Dr. Catherine J. Anderson and Dr. Aaron Van Dyke lead research students in groundbreaking nutritional science study.
The United States Department of Agriculture’s National Institute of Food and Agriculture (USDA-NIFA) has awarded Fairfield University's assistant biology professor Catherine J. Andersen, PhD, with a $149,419 federal grant to support an innovative faculty-student research study in the area of nutritional sciences. Aaron Van Dyke, assistant professor of chemistry and biochemistry, will join Dr. Andersen as the study’s co-project director.

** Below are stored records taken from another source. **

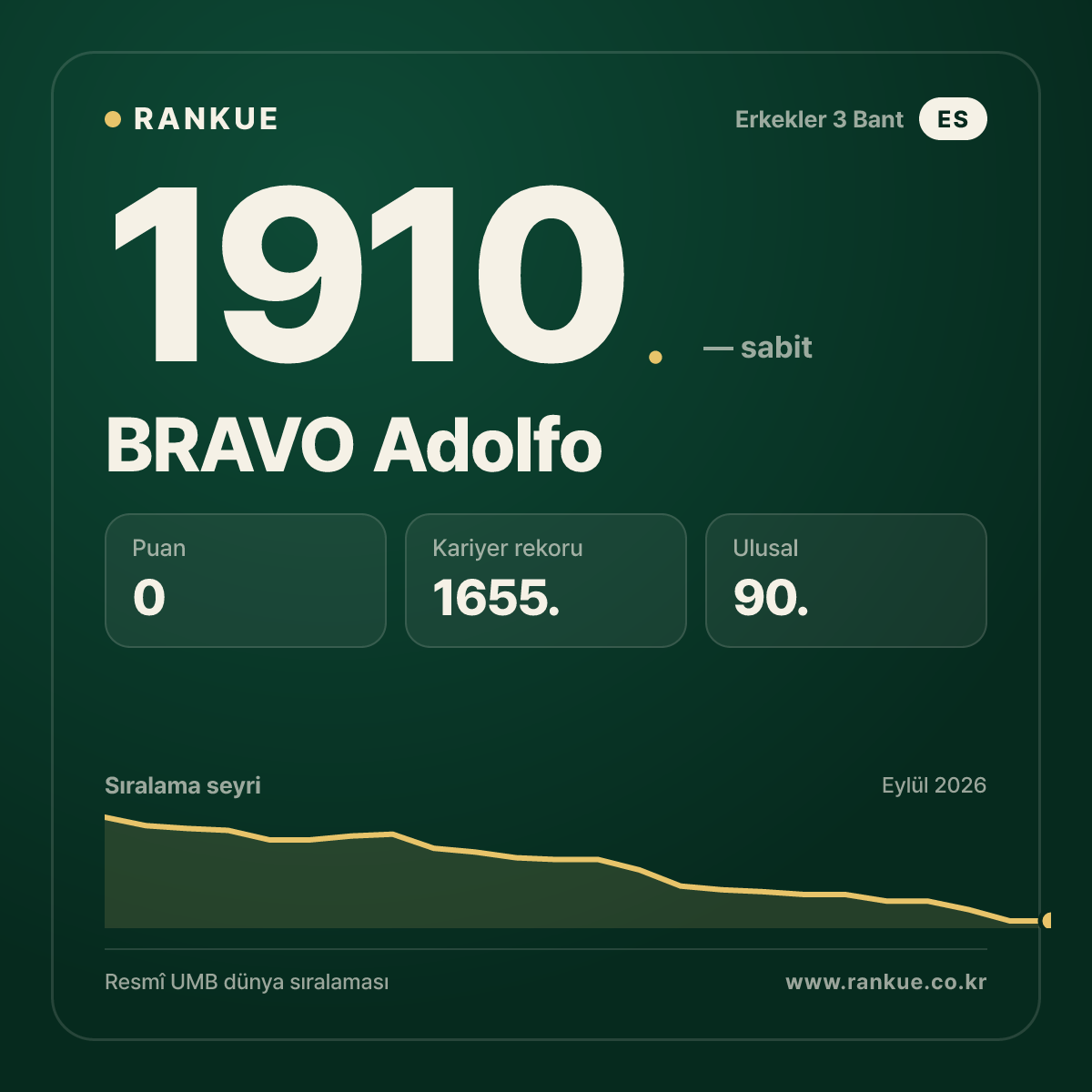 BRAVO Adolfo — Bilardo Dünya Sıralaması 1910.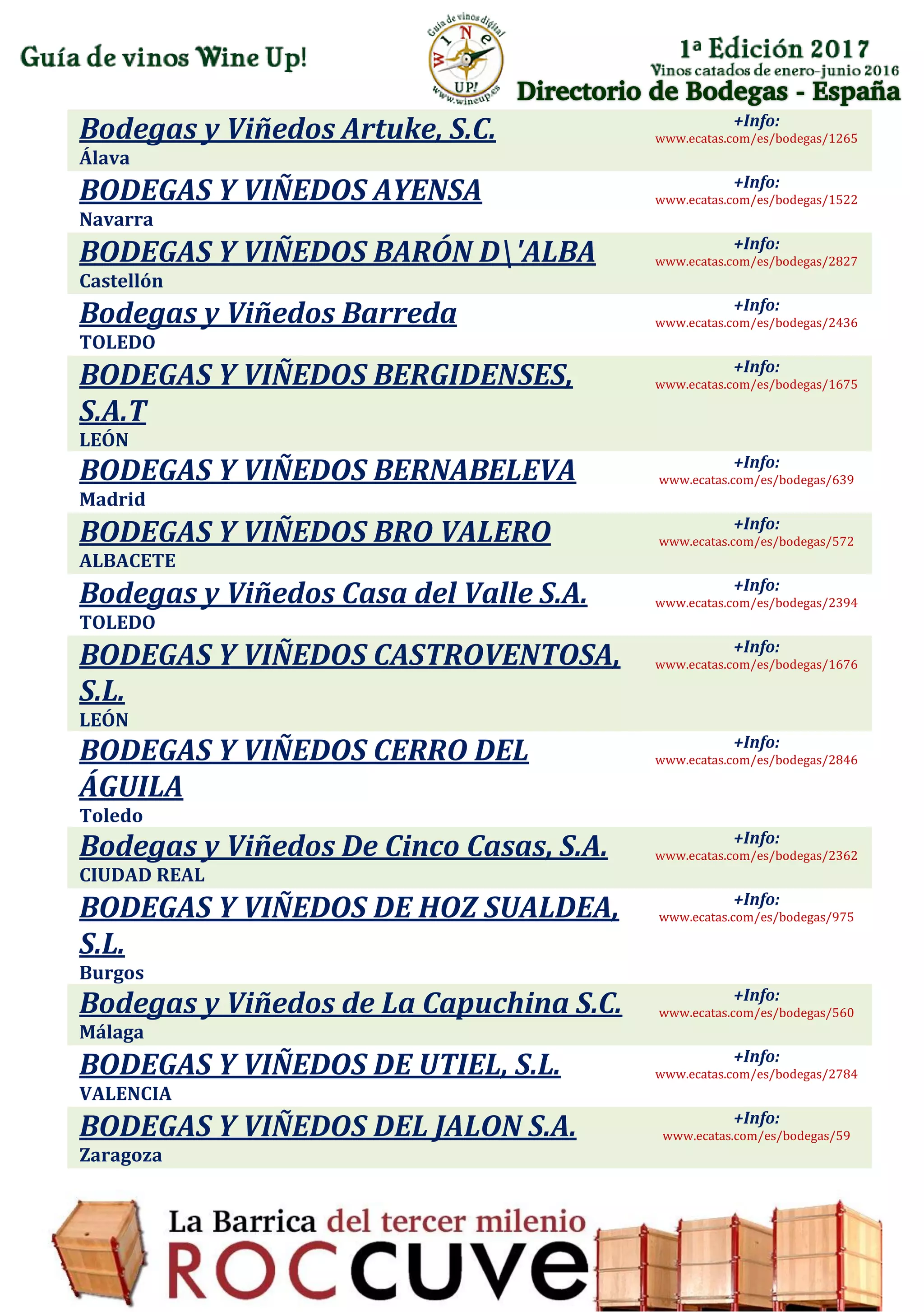 Directorio de Bodegas - España
Bodegas y Viñedos Artuke, S.C.
Álava
+Info:
www.ecatas.com/es/bodegas/1265
BODEGAS Y VIÑEDOS AYENSA
Navarra
+Info:
www.ecatas.com/es/bodegas/1522
BODEGAS Y VIÑEDOS BARÓN D'ALBA
Castellón
+Info:
www.ecatas.com/es/bodegas/2827
Bodegas y Viñedos Barreda
TOLEDO
+Info:
www.ecatas.com/es/bodegas/2436
BODEGAS Y VIÑEDOS BERGIDENSES,
S.A.T
LEÓN
+Info:
www.ecatas.com/es/bodegas/1675
BODEGAS Y VIÑEDOS BERNABELEVA
Madrid
+Info:
www.ecatas.com/es/bodegas/639
BODEGAS Y VIÑEDOS BRO VALERO
ALBACETE
+Info:
www.ecatas.com/es/bodegas/572
Bodegas y Viñedos Casa del Valle S.A.
TOLEDO
+Info:
www.ecatas.com/es/bodegas/2394
BODEGAS Y VIÑEDOS CASTROVENTOSA,
S.L.
LEÓN
+Info:
www.ecatas.com/es/bodegas/1676
BODEGAS Y VIÑEDOS CERRO DEL
ÁGUILA
Toledo
+Info:
www.ecatas.com/es/bodegas/2846
Bodegas y Viñedos De Cinco Casas, S.A.
CIUDAD REAL
+Info:
www.ecatas.com/es/bodegas/2362
BODEGAS Y VIÑEDOS DE HOZ SUALDEA,
S.L.
Burgos
+Info:
www.ecatas.com/es/bodegas/975
Bodegas y Viñedos de La Capuchina S.C.
Málaga
+Info:
www.ecatas.com/es/bodegas/560
BODEGAS Y VIÑEDOS DE UTIEL, S.L.
VALENCIA
+Info:
www.ecatas.com/es/bodegas/2784
BODEGAS Y VIÑEDOS DEL JALON S.A.
Zaragoza
+Info:
www.ecatas.com/es/bodegas/59
 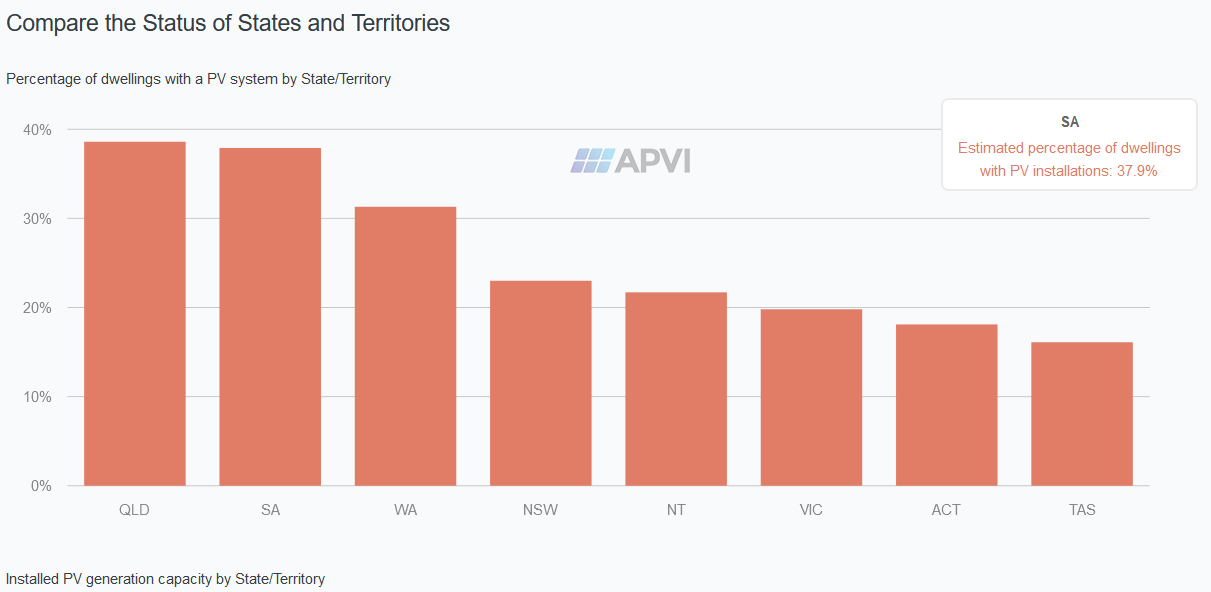 Solar PV system saturation - Australian states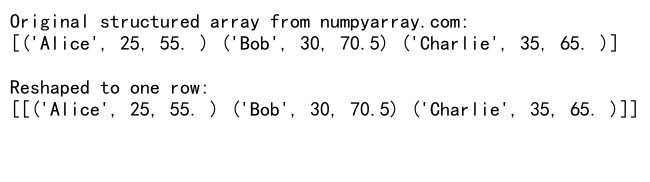 Mastering NumPy Reshape to One Row: A Comprehensive Guide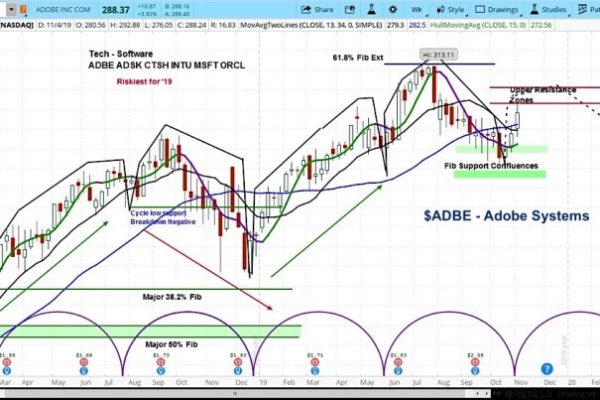 Adbe stock price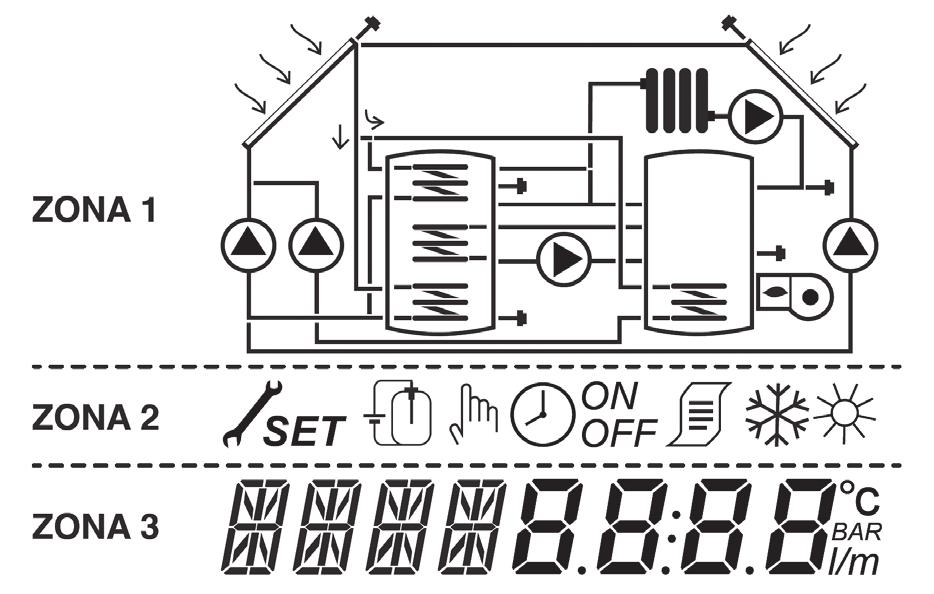 Accessori Interfaccia Utente Il regolatore solare viene comandato mediante il joystick direzionale a tasti. Display Joystick. Zona simboli La zona dei simboli indica lo stato del sistema. 3.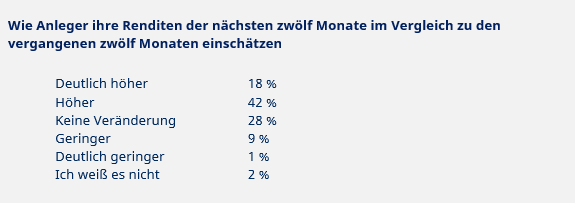 Inflation und geopolitische Unsicherheiten zwingen Sparer dazu, ihre Anlagestrategien zu überdenken 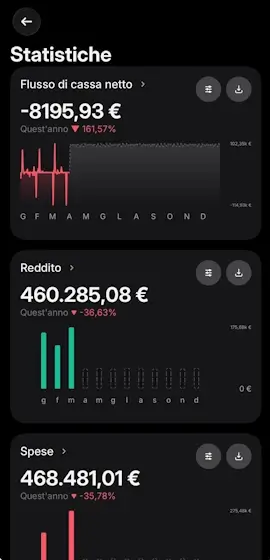 revolut business statistiche
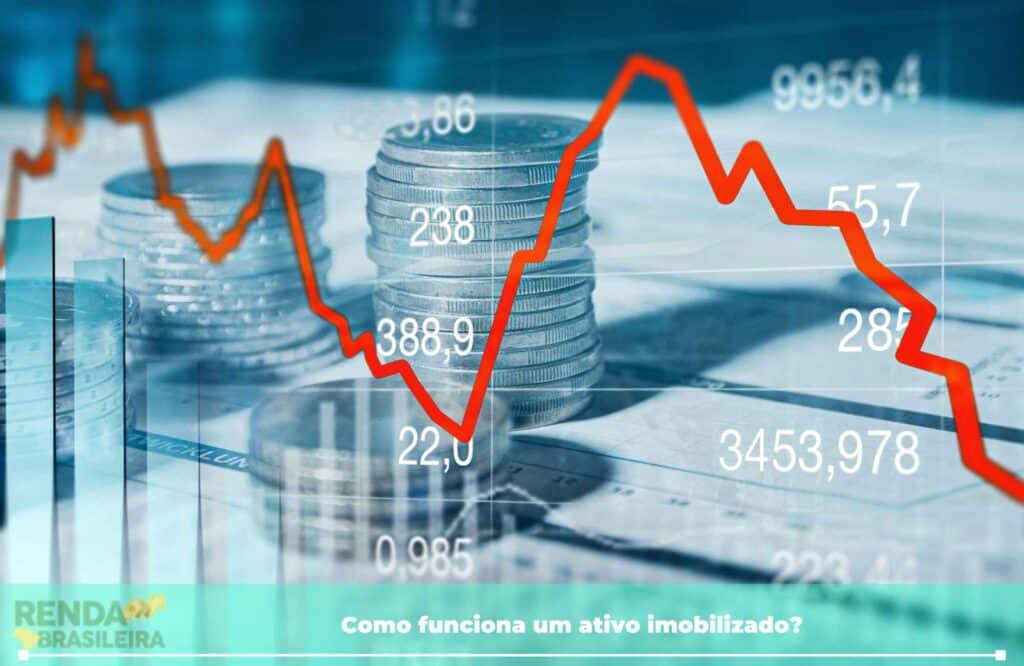 Como funciona um ativo imobilizado?
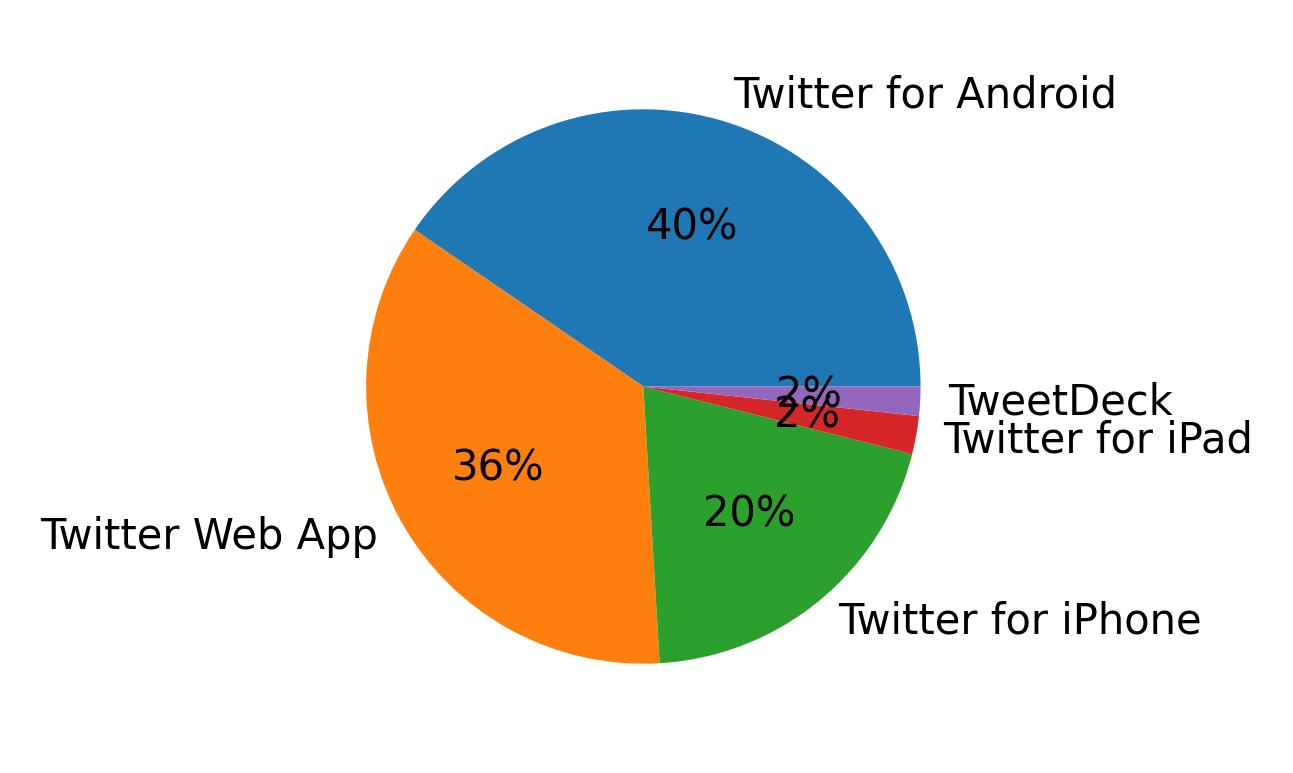 Dispositivos utilizados para tweetar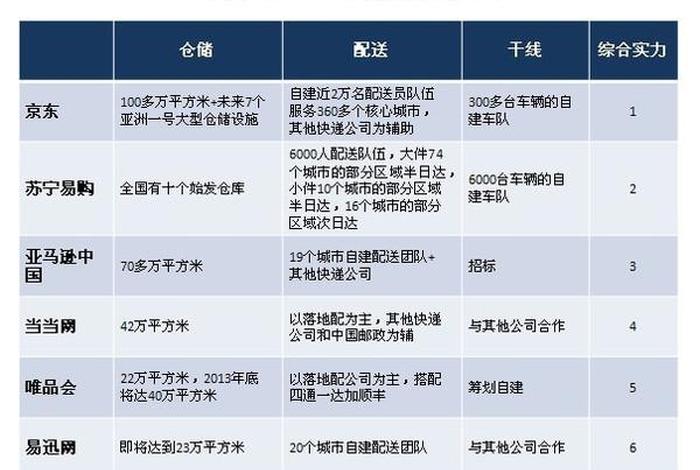 国内知名电商物流企业有哪些 国内知名电商物流企业资料一览表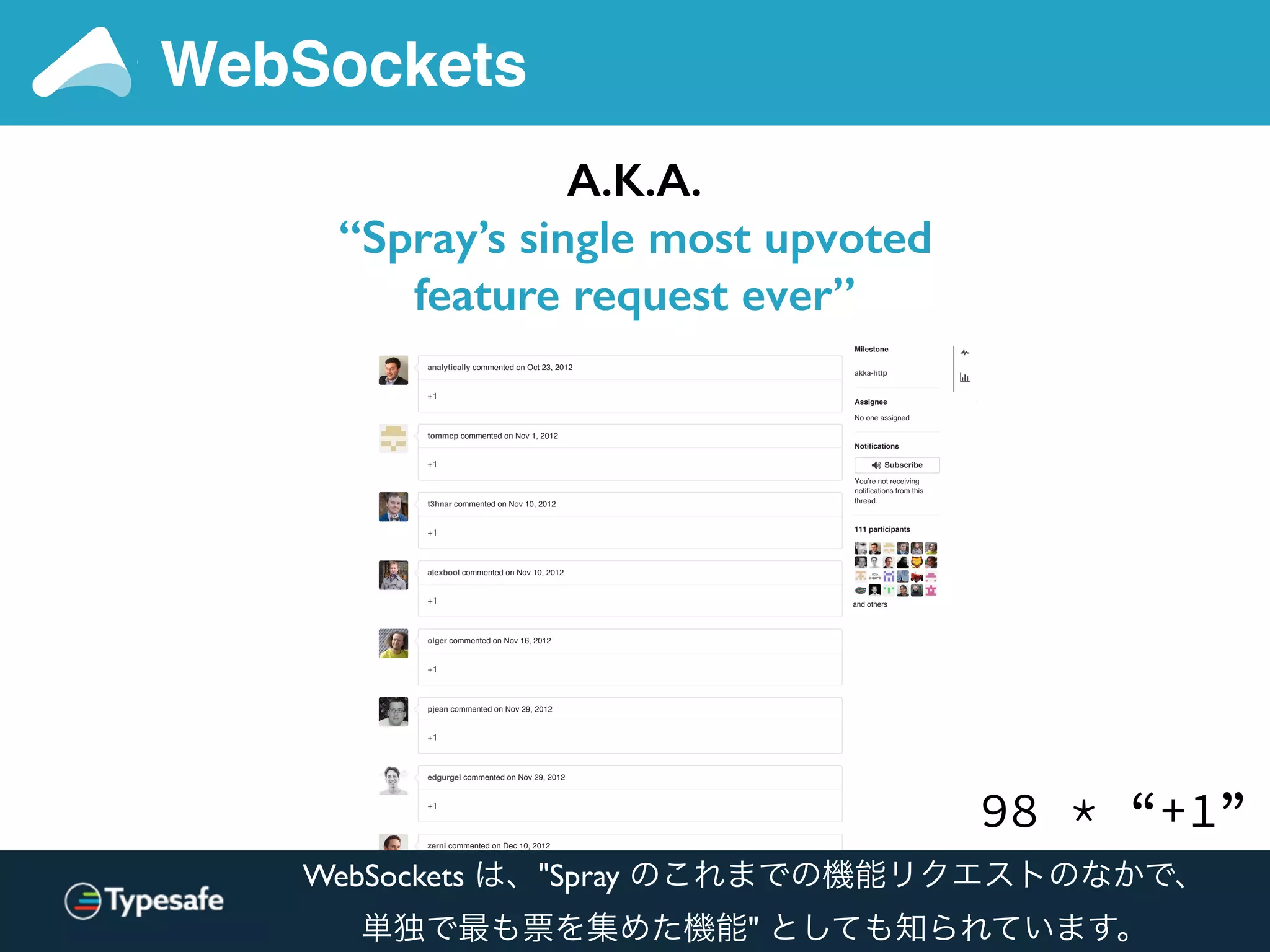 10/26/2015 spray-can: add websockets support (client & server) · Issue #134 · spray/spray
Pull requests Issues GistThis repository Search
2,092 496197Watch Star Forkspray / spray
and others
Labels
Milestone
 
akka-http
Assignee
No one assigned
111 participants
spray-can: add websockets support (client & server) #134
Closed sirthias opened this issue on Sep 4, 2012 · 129 comments
New issue
Feature
Notifications
You’re not receiving
notifications from this
thread.
Subscribe
Ownersirthias commented on Sep 4, 2012
No description provided.
analytically commented on Oct 23, 2012
+1
tommcp commented on Nov 1, 2012
+1
t3hnar commented on Nov 10, 2012
+1
alexbool commented on Nov 10, 2012
+1
olger commented on Nov 16, 2012
+1
pjean commented on Nov 29, 2012
+1
edgurgel commented on Nov 29, 2012
+1
zerni commented on Dec 10, 2012
+1
Bathtor commented on Dec 10, 2012
+1
WebSockets
A.K.A.
“Spray’s single most upvoted
feature request ever”
98 * “+1”
WebSockets は、"Spray のこれまでの機能リクエストのなかで、
単独で最も票を集めた機能" としても知られています。
 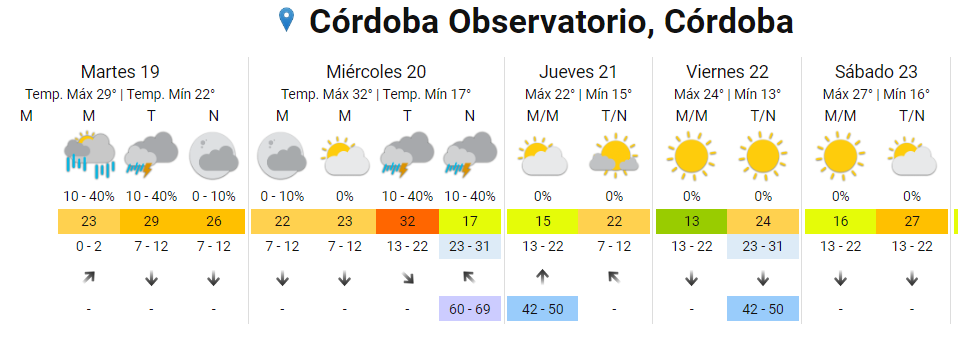 Clima en Córdoba: el verano se despide con un nuevo cambio de tiempo • Canal C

The two-year research project will investigate the effects of dietary intake on markers of cholesterol metabolism, inflammation, and immune function. As part of the study, healthy adults will participate in a dietary intervention trial to determine whether whole eggs, egg whites, or an egg-free diet can alter the beneficial properties of HDL – carriers of the “good cholesterol” – in the bloodstream. Fairfield’s researchers hope to determine if the bioactive components in the egg yolks will alter the composition and function of HDL, leading to beneficial changes in immune cell activity and inflammation. Their findings could have important implications for the role of nutrition in health and human disease.
Each semester, a total of four to six undergraduate research students from both Dr. Andersen's and Dr. Van Dyke’s labs will conduct experiments and perform data analysis for the study. Research activities will include comprehensive dietary evaluation, cell culture work, molecular biology assays, and biochemical analysis. Fairfield University is uniquely equipped for this research, thanks in part to a $271,407 instrumentation grant from the National Science Foundation (NSF) which Dr. Andersen and Dr. Van Dyke helped secure.
Through the study’s collaborative and interdisciplinary approach to nutritional sciences, both Dr. Andersen and Dr. Van Dyke hope to develop exciting new lab techniques that can be applied to future research projects. “By working together we are able to leverage our expertise in nutritional sciences, molecular biology, and chemical biology to address novel research questions,” Dr. Andersen stated. “This grant serves as evidence that our work is competitive in the national arena, allowing us to continue developing our research programs in exciting new areas.”
“Asking scholars to reach beyond the boundaries of their own field is built into the DNA of Jesuit institutions,” said Dr. Van Dyke. “This grant offers further external validation that our student-faculty research teams are among the best nationally.”